現(xiàn)在,一旦刮掉,讓我們嘗試解決我們遇到的問(wèn)題。
Notice the author coulmn had 3 differnt information seperated by (-)
請(qǐng)注意,作者可能有3個(gè)不同的信息,并以(-)分隔
So, let’s split them
所以,讓我們分開(kāi)
author = df[‘a(chǎn)uthor’].str.split(‘-’, expand=True)Now, let’s rename the columns and delete the last one.
現(xiàn)在,讓我們重命名列并刪除最后一列。
author = author.rename(columns={0: “job”, 1: “l(fā)ocation”,2:’time’})del author[3]Then let’s join those new columns to our original dataframe and delete the old author column
然后,將這些新列添加到原始數(shù)據(jù)框中,并刪除舊的author列
df1 = pd.concat([df,author],axis=1)del df1[‘a(chǎn)uthor’]
let’s examine our new dataframe
讓我們檢查一下新的數(shù)據(jù)框
df1.head()Let’s re-organize the columns and remove any duplicates
讓我們重新整理各列并刪除所有重復(fù)項(xiàng)
df1 = df1[[‘job’, ‘review_title’, ‘review’, ‘rating’,’location’,’time’]]df1 = df1.drop_duplicates()
Then finally let’s save the dataframe to a CSV file
最后,讓我們將數(shù)據(jù)框保存到CSV文件中
df1.to_csv(‘EY_indeed.csv’)You should now have a good understanding of how to scrape and extract data from Indeed.

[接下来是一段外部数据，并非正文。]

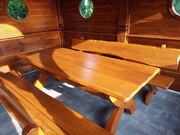 Meble ogrodowe dębowe z bali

A good next step for you if you are familiar a bit with web scraping it to pick a site and try some web scraping on your own.
您現(xiàn)在應(yīng)該對(duì)如何從Indeed抓取和提取數(shù)據(jù)有很好的了解。 如果您對(duì)網(wǎng)絡(luò)抓取有點(diǎn)熟悉,可以選擇一個(gè)不錯(cuò)的下一步來(lái)選擇一個(gè)站點(diǎn),然后自己嘗試一些網(wǎng)絡(luò)抓取。
Happy Coding:)
快樂(lè)編碼:)
翻譯自: https://towardsdatascience.com/scrape-company-reviews-ratings-from-indeed-in-2-minutes-59205222d3ae
scrape創(chuàng)建
總結(jié)
以上是生活随笔為你收集整理的scrape创建_确实在2分钟内对Scrape公司进行了评论和评分的全部?jī)?nèi)容,希望文章能夠幫你解決所遇到的問(wèn)題。